Latest update: ... Saturday 1st November 2025.

Every day we have the Blues .... Backtracking to the Roots of the Blues - Back, to where it all began ... and much more, as long as its the blues ....

Legendary blues artists

Mildred Bailey
 

W C Handy
 

Mississippi John Hurt

Blue Lu Barker

Louisa 'Blue Lu' Barker (Louise Dupont) (November 13, 1913 – May 7, 1998)


Born in November of 1913, little Louisa Dupont was performing bawdy blues songs on street corners from a tender age. Interviewed by the vibraphonist Milt Jackson in 1980, she recalled taking part in outdoor concerts along with other young girls in her New Orleans neighborhood. These took place on small stages erected on empty lots—and may well have been catered by Louisa’s father August, who sold bootleg liquor out of a candy store he ran (speaking of harmful influences).

Louisa junior’s singing was inspired by records in her mother Louisa senior’s collection, as well as by the assortment of amateur musicians who would gather at her family home in Treme. These included clarinetist Joseph “Brother Cornbread” Thomas, who would go on to work with Henry “Kid” Rena, Papa Celestin, Sweet Emma Barrett, and others. Talent scouted in the street by some neighborhood girls, young Louisa began appearing at these plein-air gigs, naively trotting out some of the ribald blues numbers she had heard around the house.

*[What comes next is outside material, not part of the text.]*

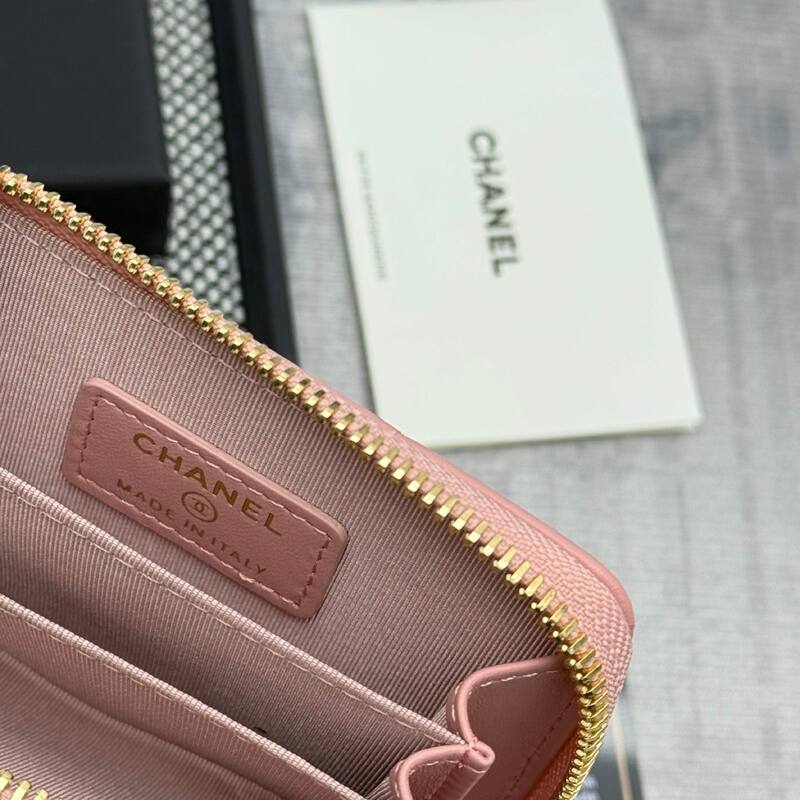 Chanel Pink wallet — 1:1 Replica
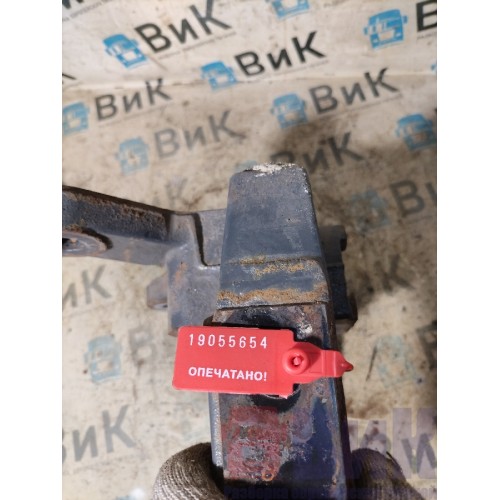 Кронштейн буксировочного крюка DAF 105 011299 (654)-3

These included Clara Smith’s “I Got Everything a Woman Needs,” which she regularly performed up to the age of eleven, she recalled to Hinton. “At that time, I could’t see, you know, nothin’ wrong,” Louisa said (on a tape which can be accessed via the Rutgers University website). “I wasn’t sayin’ nothin’ wrong because I didn’t understand.” Singing songs wholly inappropriate for a sweet little girl became something of a trademark for young Louisa—which makes me wonder what sort of adults attended her concerts.

Only as Louisa approached adolescence did her mother see fit to clean up her daughter’s act. At that point she forbade the girl to sing in any more concerts—she was to dance only, or she wouldn’t take part at all. “If anyone asks you to be in a concert,” Louisa was told, “don’t tell them you know how to sing. Because those songs that you’re singing, people think you know what you’re saying.” Louisa was confused. “Well, what’s wrong with them songs Mama?” she asked. “Well, never mind what’s wrong with them,” she was told, “they are not for a little girl to sing.”

Blue Lu Barker - A little bird told me (1949)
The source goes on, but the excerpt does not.